Çocuk doğduktan sonra uykusuz zombiler olunacağıyla ilgili var olan toplumsal kanaatten içimize sızanlar mıydı buna neden olan?
Bulut’u birkaç aydır kucakta uyutup sonra yatağa yatırıyorduk. Verilmiş bir karar sonucu değil, bu şekilde daha kolay uyuduğunu düşündüğümüz için böyle davranmışız sanırım.
Sallama işinin uzun süreli ve yorucu olduğu zamanlarda, Bulut’u yatağa koyarkenki “aha şimdi uyanacak” gerilimi, ve uyanırsa yaşanan hayal kırıklığı giderek daha tanıdık olmaya başladı. Uyanırsa tekrar uyutmanın çok zor olacağı, kucaksız uyutmayı denersem işin daha da zorlaşacağı korkuları varmış içimde. Bu yüzden mümkün olan en hızlı şekilde (kucakta) uyutmak gibi bir yol seçmişiz.
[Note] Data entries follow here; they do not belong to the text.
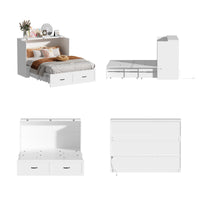 Lit escamotable blanc moderne et minimaliste de 157 cm avec prises électriques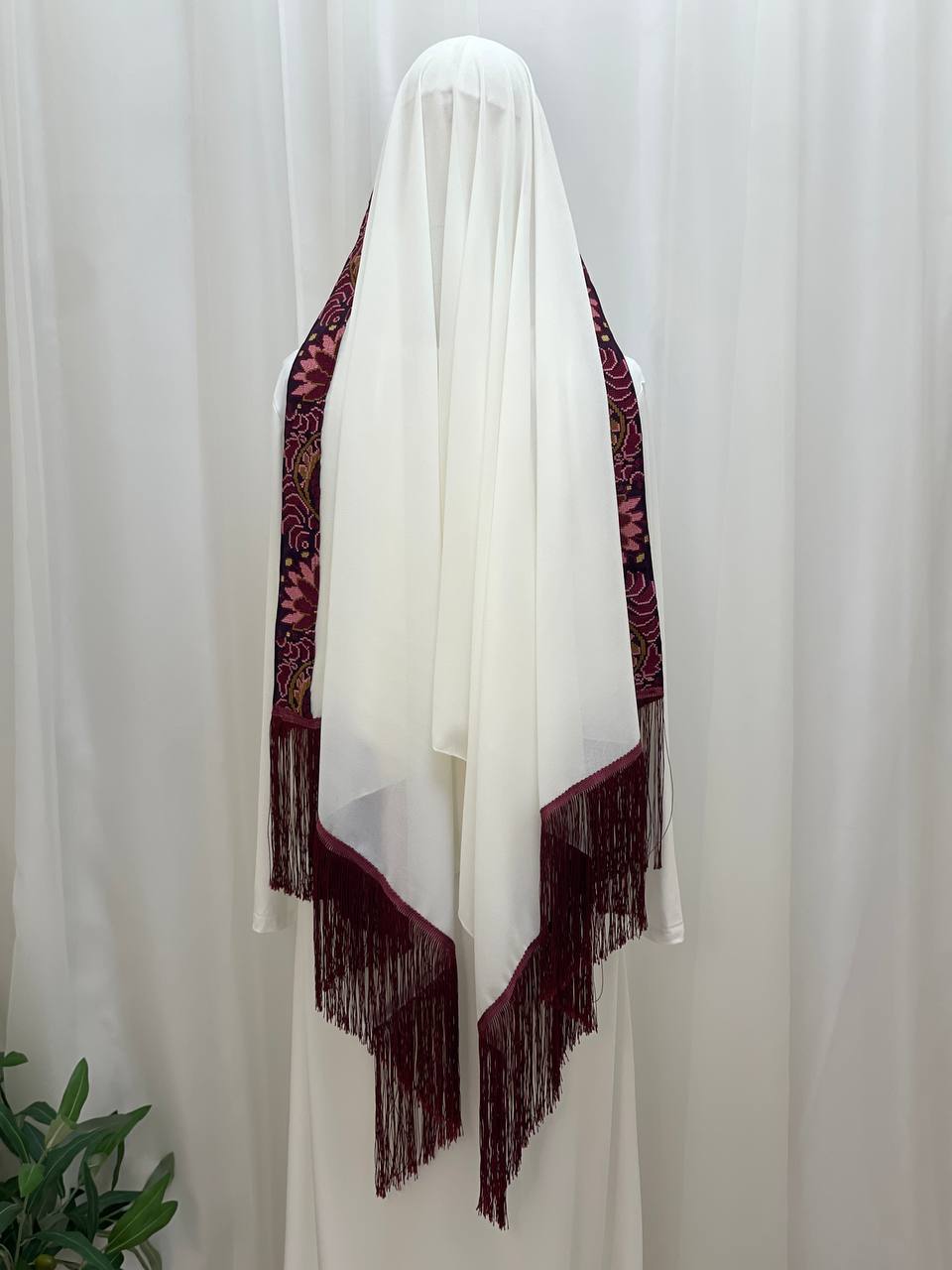 Elegant Ivory with Purple Embroidery & Tassel Trim Khirka-Shawl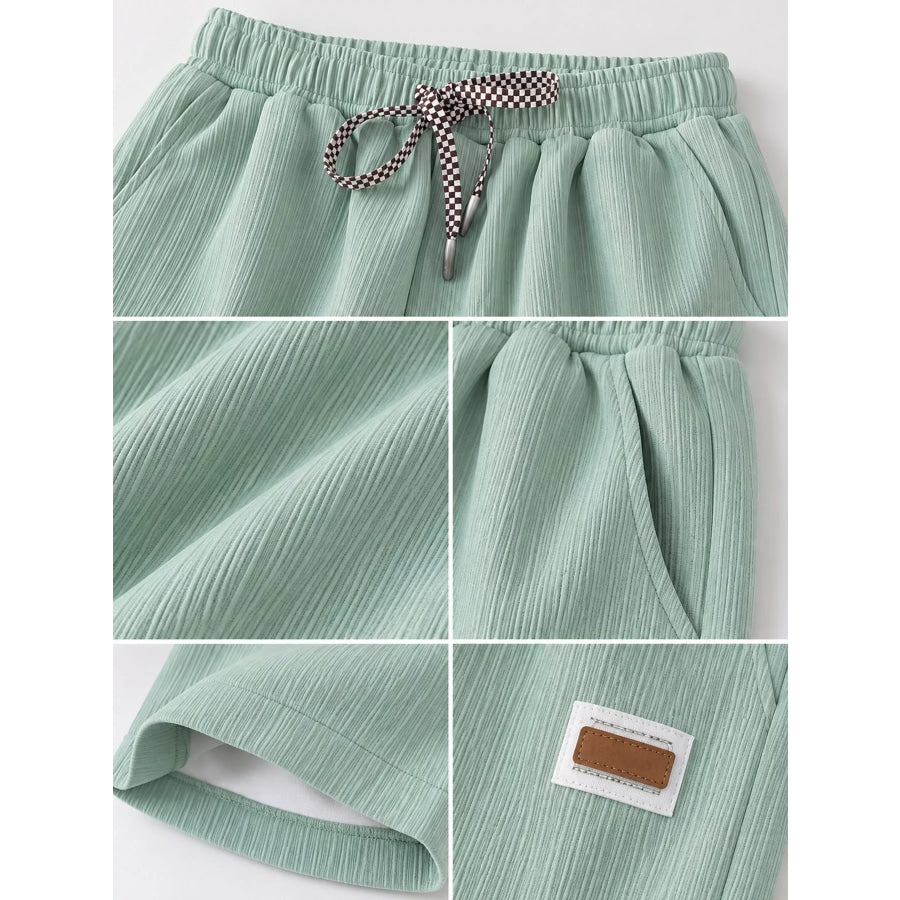 Plus Size Checkerboard Drawstring Casual Shorts Apparel and Accessories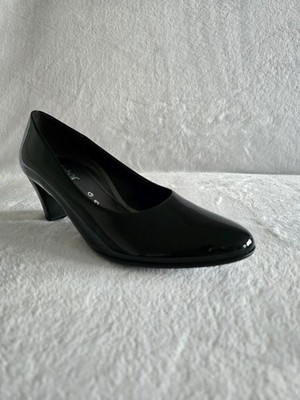 Gabor Damen Pumps Schwarz Lackleder EU 39 UK 6 Blockabsatz 5 7,5cm Slip-On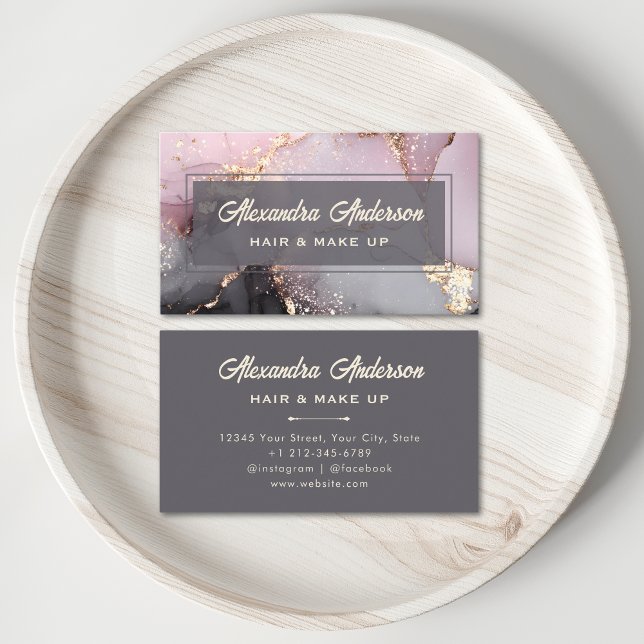 Elegant Pink Black Gold Glitter Agate Beauty Salon Business Card (Elegant Pink Black Gold Glitter Agate Girly Business Card)
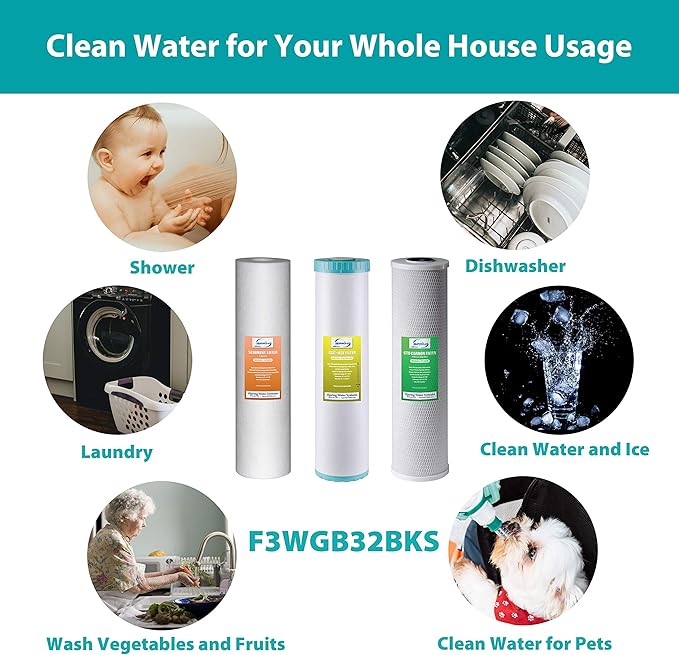 iSpring F3WGB32BKS 3-Stage Whole House Water Filter Set, 4.5” x 20” Sediment, GAC+KDF, and CTO Carbon Block Cartridges, Fits WGB32B-KS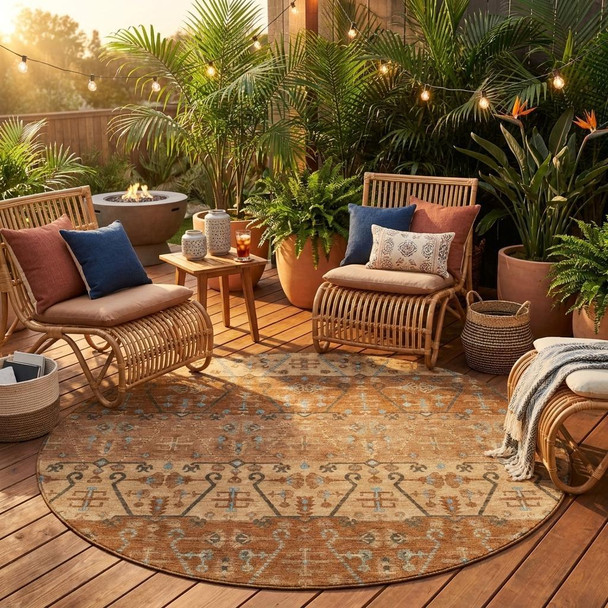 8' Orange And Brown Round Oriental Washable Indoor Outdoor Area Rug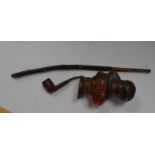 Ally Sloper carved wooden pipe,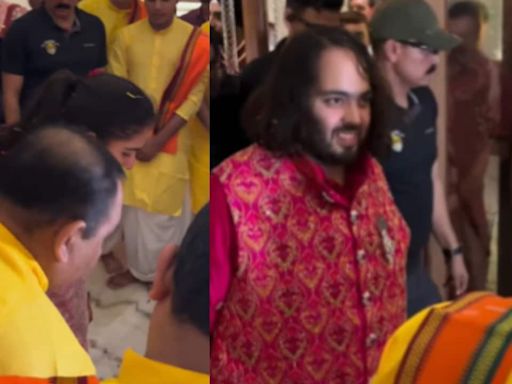 Newly married Radhika Merchant performs Griha Pravesh with husband Anant Ambani at their Jamnagar house, watch video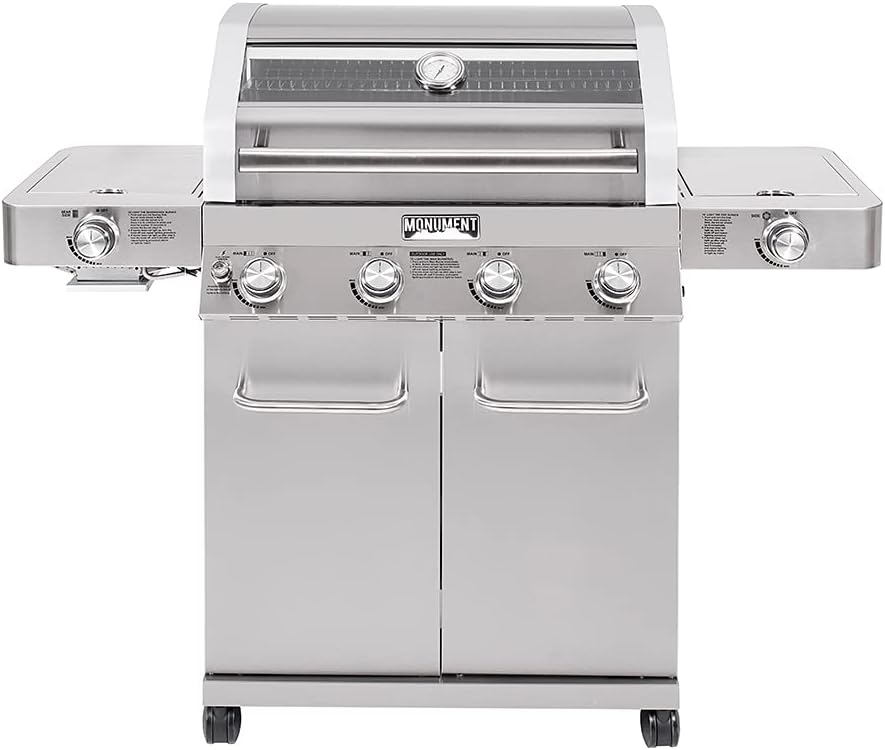 4-Burner Stainless Steel Propane Gas Grill with Side Sear Burners G54449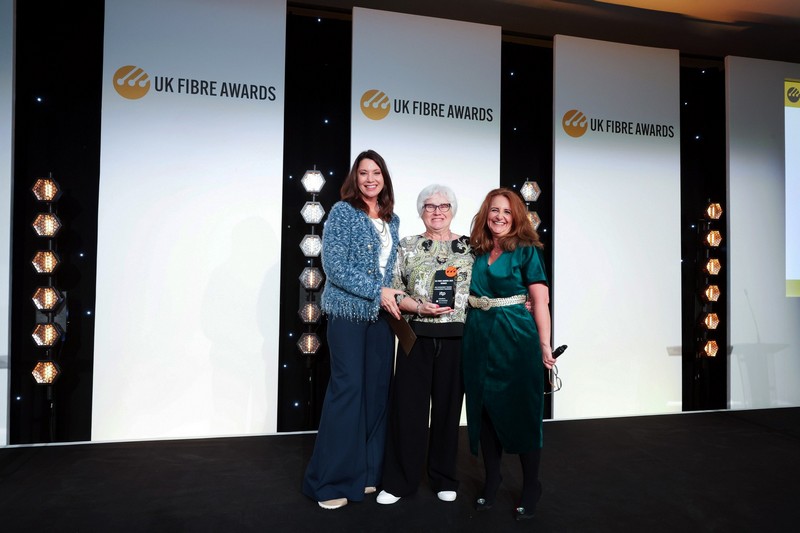 Winners on stage at the UK Fibre Awards 2025
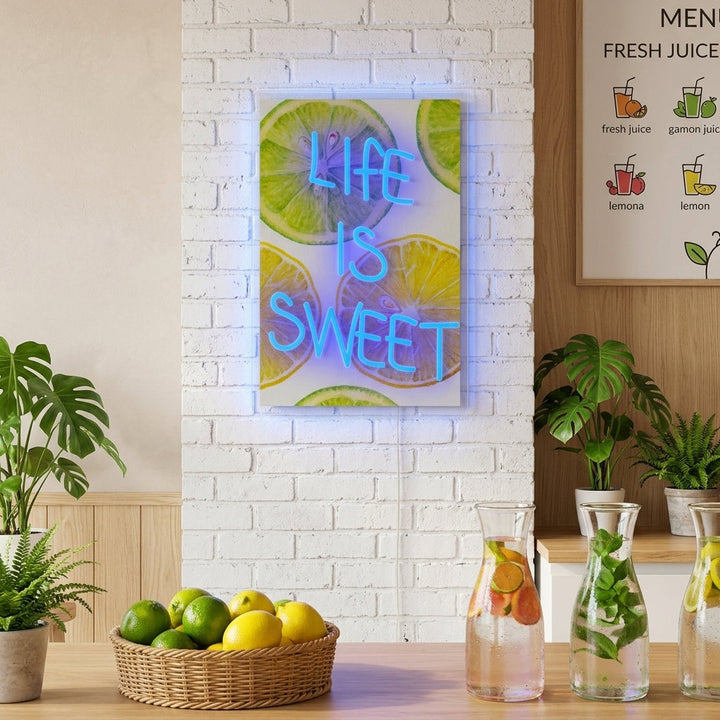 "Life Is Sweet with UV Print Background" Neon Sign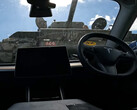 The Sherman tank climbing over a Tesla Model 3. (Image source: LBD/YT)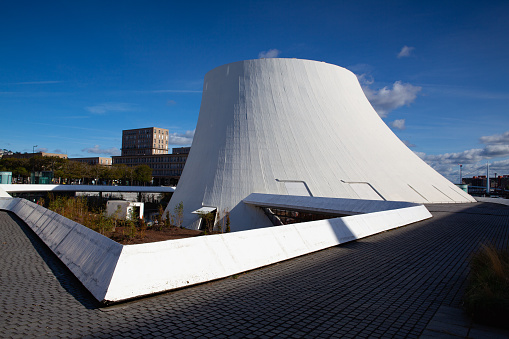 Le Havre, France - October 13, 2021: Oscar Neimeyer in the centre of Le Havre is dominated by the white Le volcan building designed by architect Oscar Neimeyer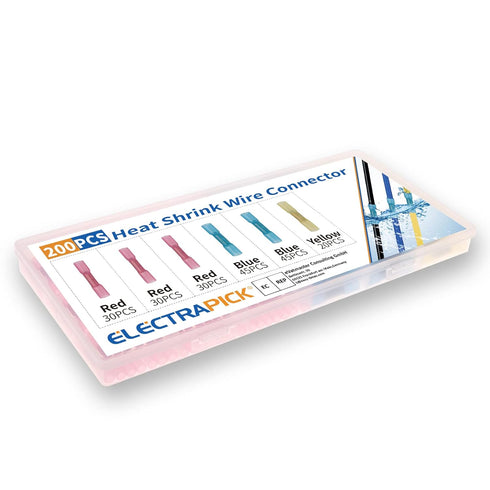 ELECTRAPICK 200Pcs Heat Shrink Butt Connectors, Waterproof Insulated Electrical Terminals Kit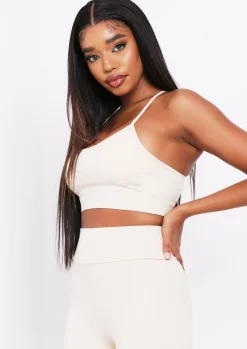 Clearance Eleanor Sand Missy Sport Strappy Crop Gym Top Women Activewear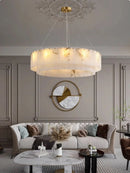 Rectangular Alabaster Round Chandelier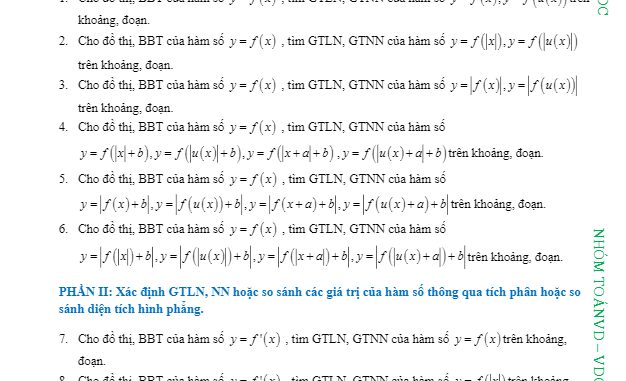 Các dạng toán về hàm ẩn liên quan đến GTLN GTNN của hàm số
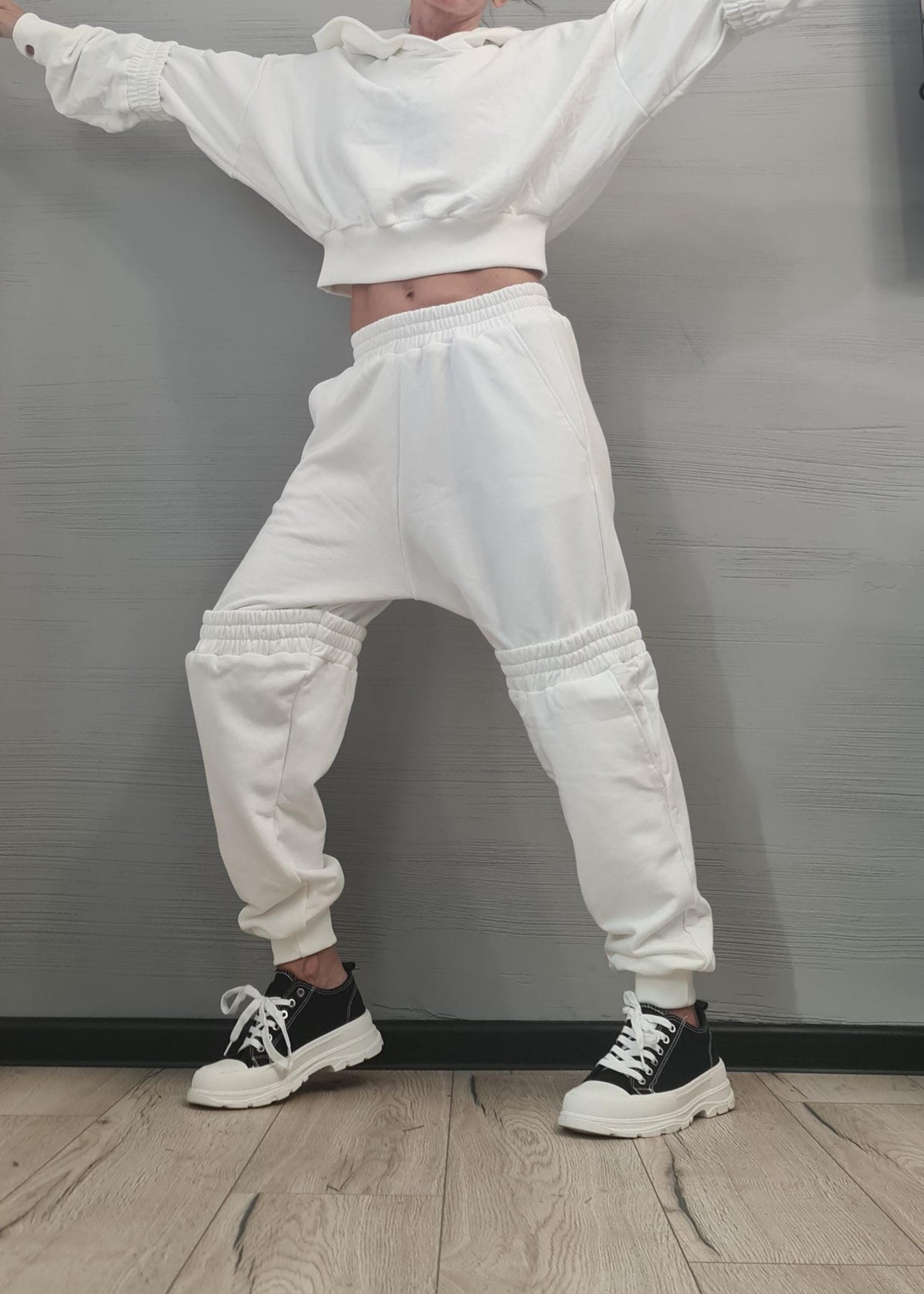 White Cotton Cargo Jogger Pants, Oversized Cropped Hoodie, Ruched Knee Panels, Two-Piece Co-Ord Set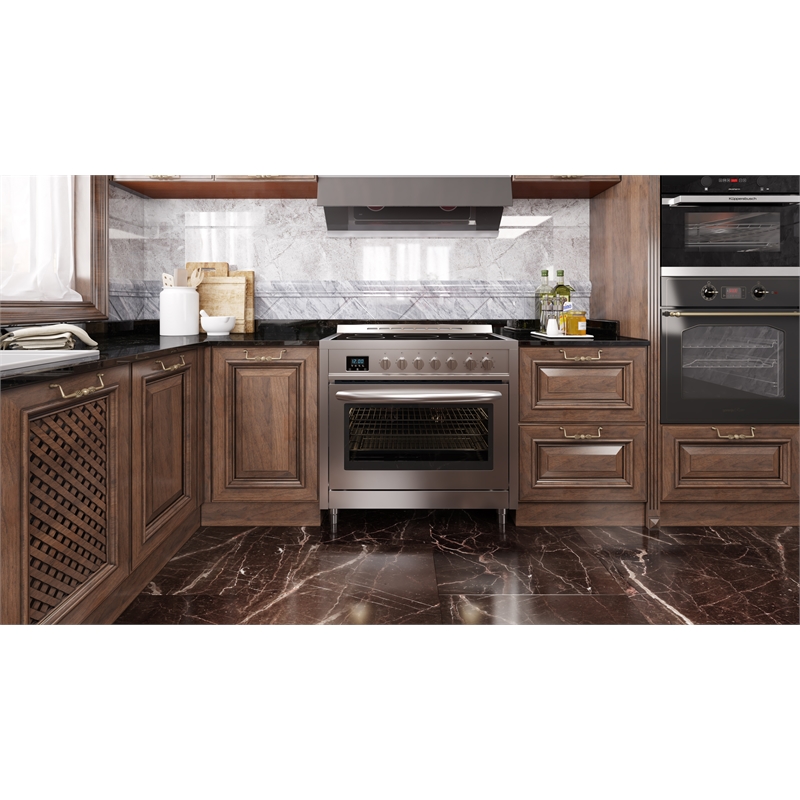 KoolMore 36 in. 5 Elements Freestanding All-Electric Range with Convection Oven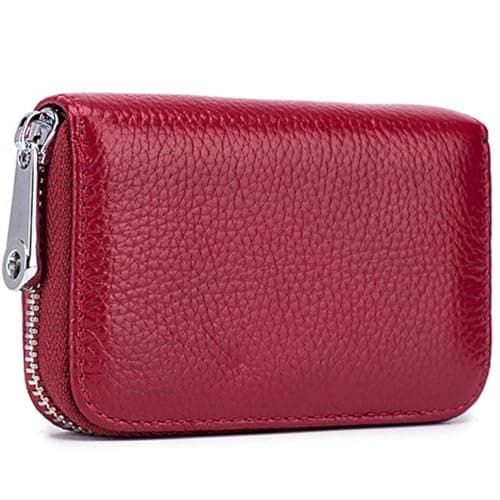 Image of Meowoo Credit Card Holder RFID Blocking Genuine Leather Mini Credit Card Wallet Purse with Zipper for Women Men(Redwine)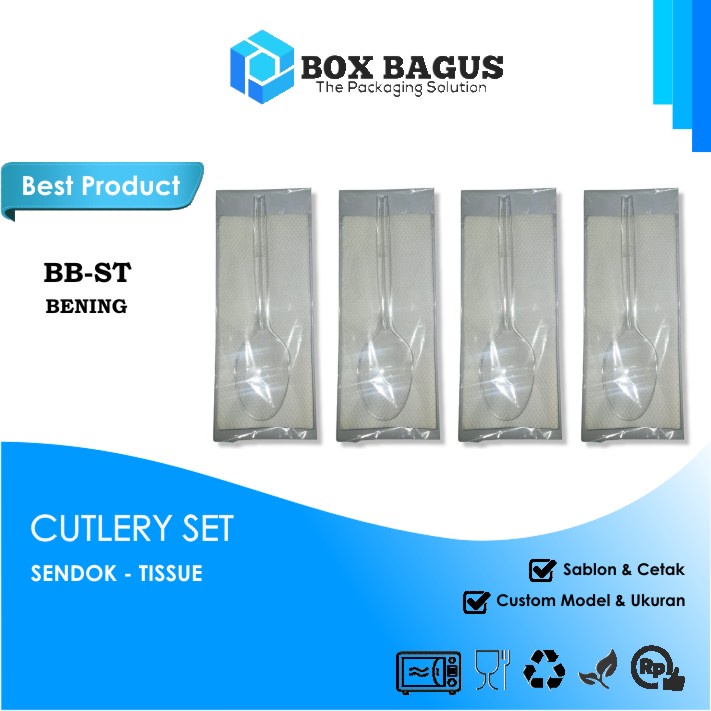 (ST BENING) SET ALAT MAKAN SENDOK PLASTIK CUTLERIES DISPOSABLE HYGIENE STERILE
Ama en nihayetinde bu bizim seçtiğimiz bir yol değil mi? Bulut’la pek de ilgisi yok gibi.
“O iş öyle değil”, “Bebek doğduktan sonra işler değişiyor”, “Yapmam dediğim her şeyi yaptım”, “Artık uykusuz günlere hazır olun” mesajları gelen kutumuzda birikmiş, Bulut’un gelişiyle beraber hepsi virüs gibi işlemeye başlamış anlaşılan.
Tabi biz de boş durmuyoruz 😉
Şimdi uyku eğitimiyle ilgili bir kitabın anlattıklarını uygulamayı deniyoruz. Daha 3 günde ne kadar yol aldığımıza şaşırıyorum!
Bence bu tarz korkular kendini gerçekleştiren kehanetler gibiler.
Bu vesileyle farkında olmadığımız korkularımızla tek tek tanışmayı ümit ediyorum. Bulut’un varlığı bu tanışmaları biraz da zorunlu kılıyor gibi. İyi ki!